1. At this point the address portion of the cycle is over. The memory
gates TDATA onto the bus after the assertion of RPBCYC.
2. Immediately after RPBCYC the memory enables the parity signals
TPHBPAR and TPLBPAR.
3. Memory asserts TPRDSTB immediately after the reception of RPBCYC.
4. The strobe signal TPRDSTB is negated by memory after the reception
of RPBCYC.
5. The memory gates the second data word onto the bus after TPRDSTB is
negated. Shortly after the parity in- formation is sent. Another
advantage is realized here: the second data word is transmitted
without the need of any further signals between the CPU and memory.
6. If the CPU has read 2 words, it negates TPBCYC after latching the
second data word.
7. After the negation of RPBCYC memory removes TDAT from the bus.

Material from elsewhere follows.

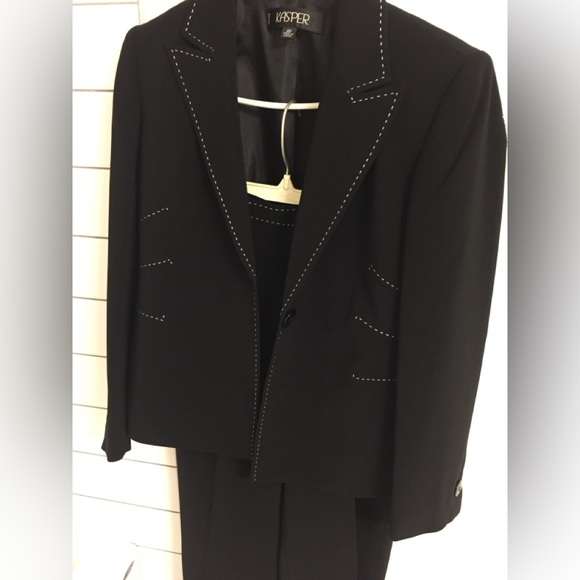 Kasper Classic Ladies lined Dressy Black Suit with White Dart Seams . - Picture 2 of 11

It becomes evident that there is an essential difference between normal
Q-bus transactions and PMI transactions. Q-bus transactions are all
based on handshaking. During a DATI Q-bus transaction, the memory
responds with BRPLY after BDIN from the processor. There must be the
signal between each device that the transaction has taken place. During
a PMI DATI transaction, there is only a strobe signal from the memory
saying that it is ready for the data. The only further communication
between the memory and CPU is the actual data transfer. Only upon the
transmission of the second possible data word is parity information sent
along with the second data word. No other memory-CPU signalling occurs.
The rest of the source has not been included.